Excerpted records –
..........
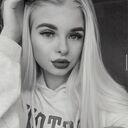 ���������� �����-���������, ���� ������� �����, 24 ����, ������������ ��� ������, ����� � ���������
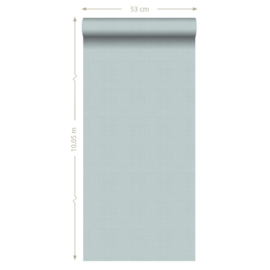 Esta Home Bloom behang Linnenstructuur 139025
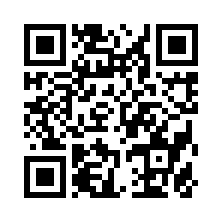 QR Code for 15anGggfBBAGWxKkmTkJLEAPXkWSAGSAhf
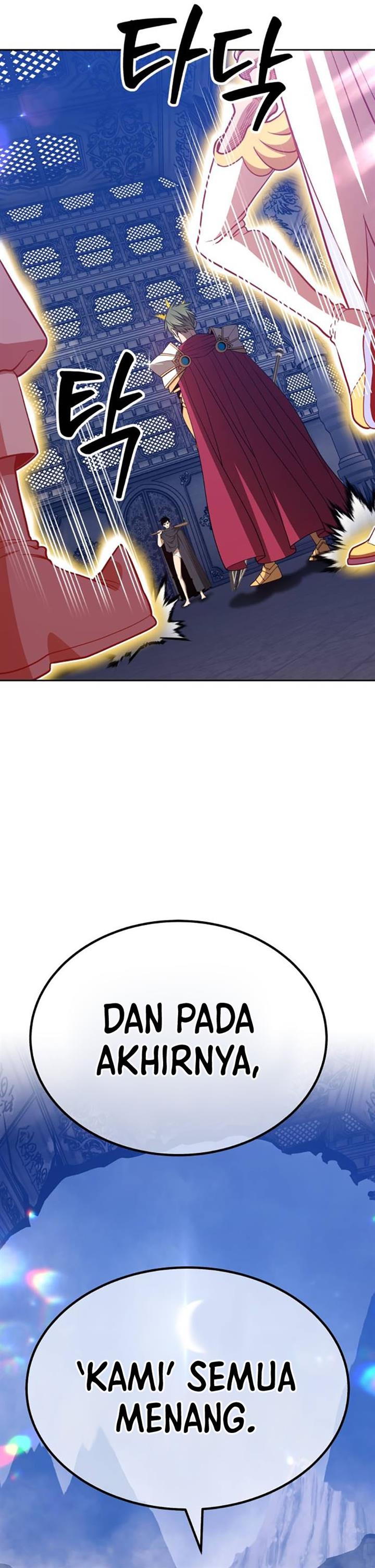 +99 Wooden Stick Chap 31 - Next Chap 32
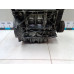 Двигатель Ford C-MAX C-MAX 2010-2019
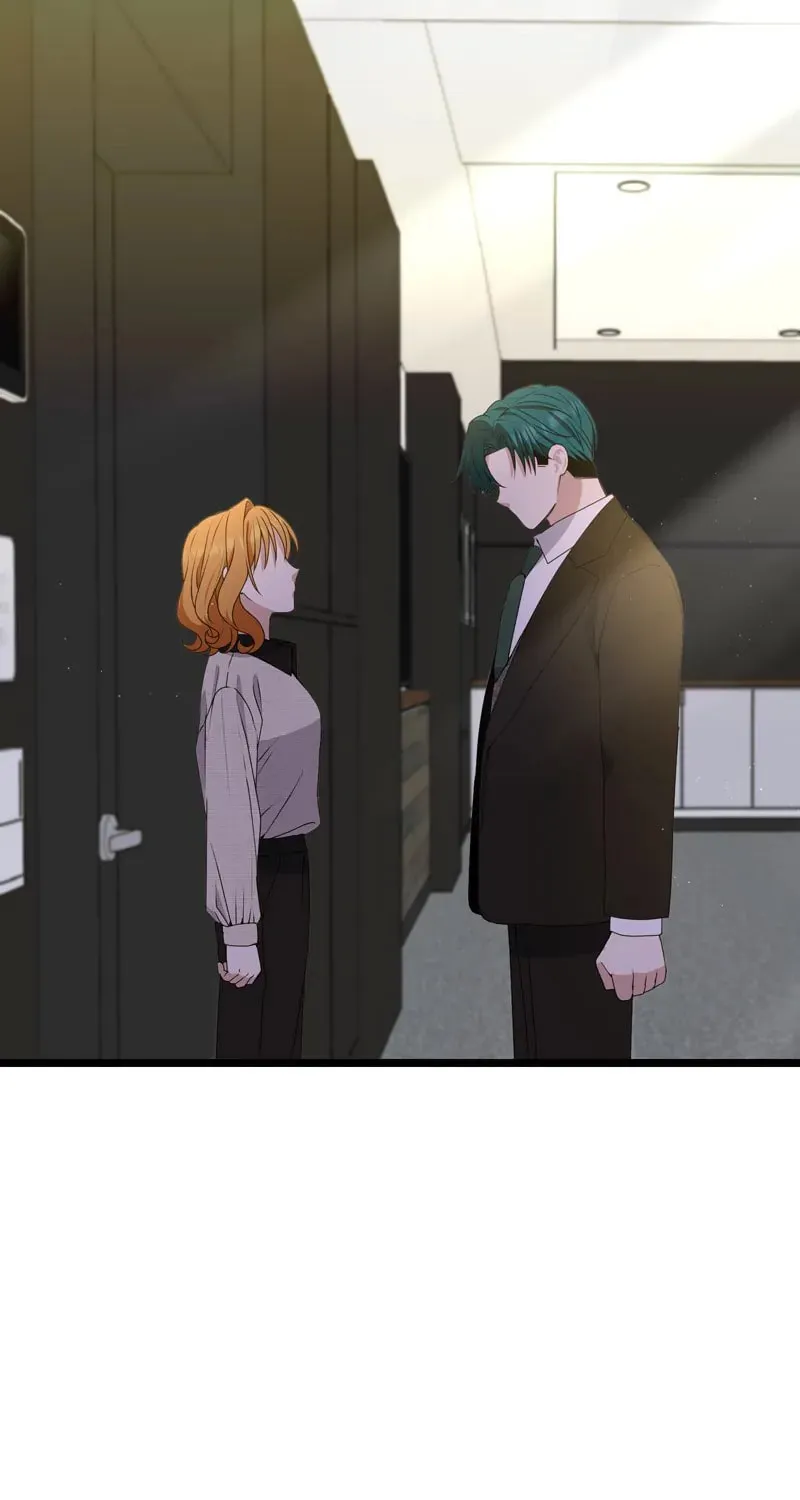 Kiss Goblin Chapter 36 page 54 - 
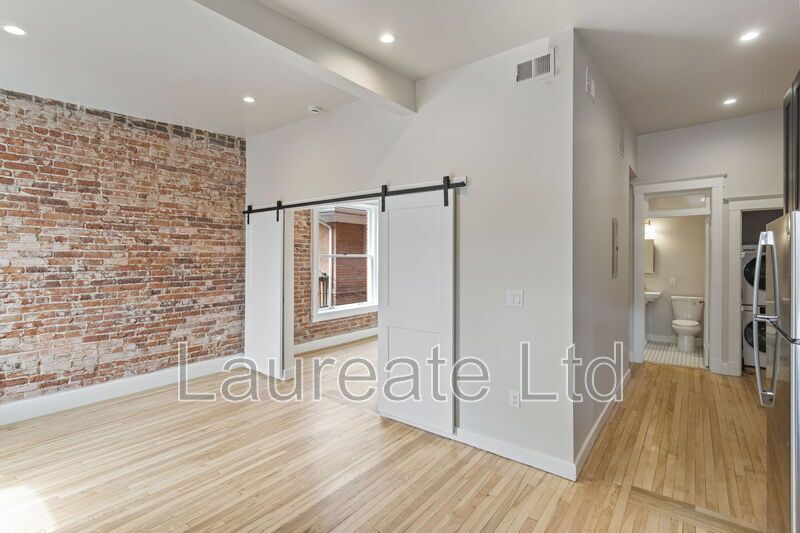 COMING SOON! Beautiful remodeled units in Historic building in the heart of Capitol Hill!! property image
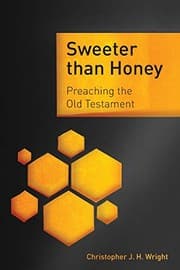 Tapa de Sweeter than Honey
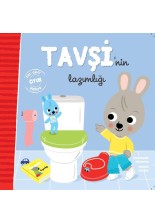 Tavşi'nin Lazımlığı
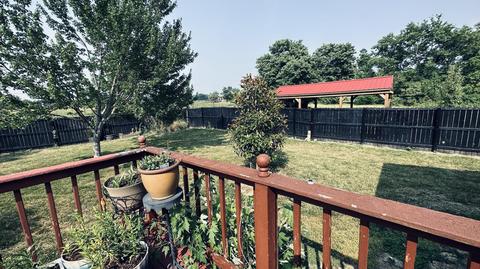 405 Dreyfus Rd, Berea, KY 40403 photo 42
..........
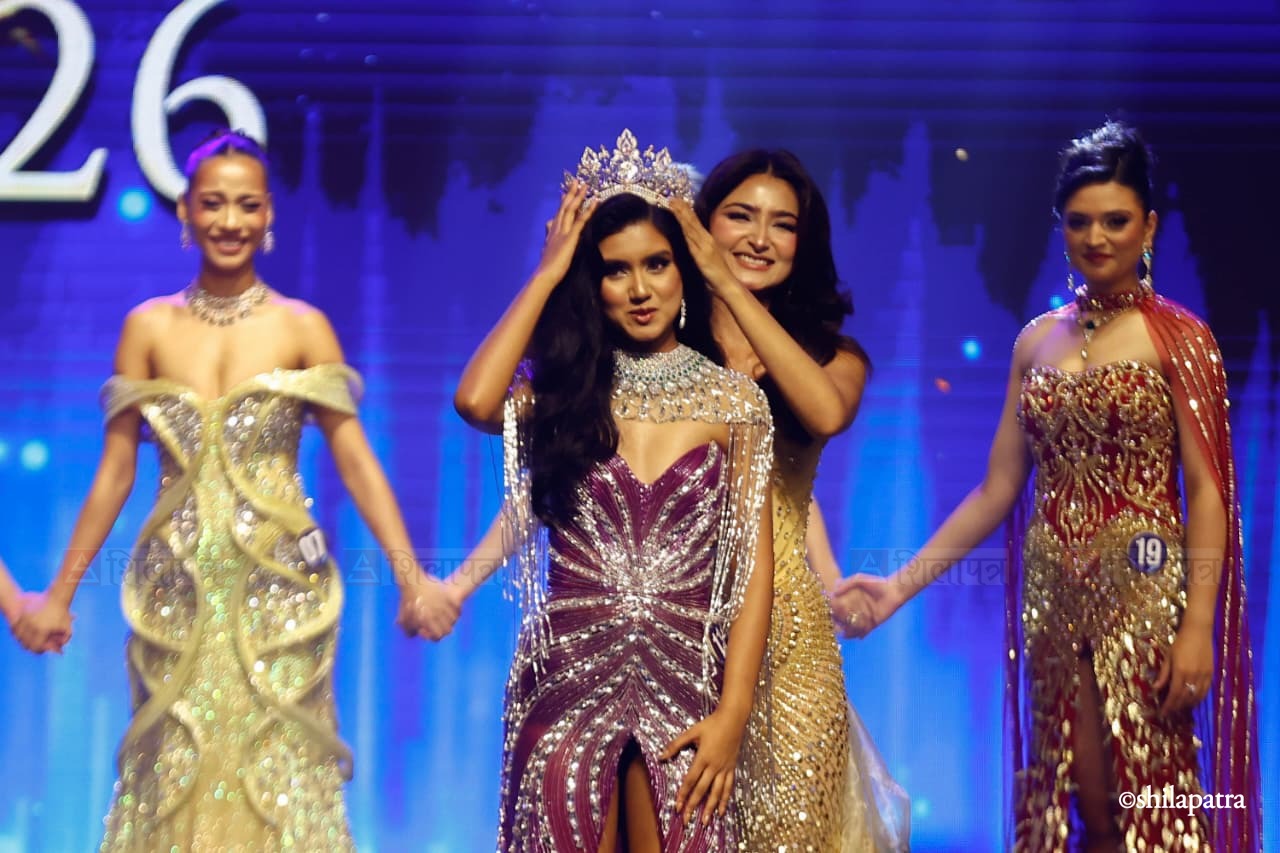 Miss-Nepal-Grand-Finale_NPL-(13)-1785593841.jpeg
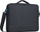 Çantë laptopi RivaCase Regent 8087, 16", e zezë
..........
What to work on – Now transcribe the lines above exactly, starting at the line containing "Kiss Goblin Chapter" and ending at the line containing "405 Dreyfus Rd, Berea, KY 40403 photo 42", both lines included, pictures excluded.

Result below –
 Kiss Goblin Chapter 36 page 54 - 
 COMING SOON! Beautiful remodeled units in Historic building in the heart of Capitol Hill!! property image
 Tapa de Sweeter than Honey
 Tavşi'nin Lazımlığı
 405 Dreyfus Rd, Berea, KY 40403 photo 42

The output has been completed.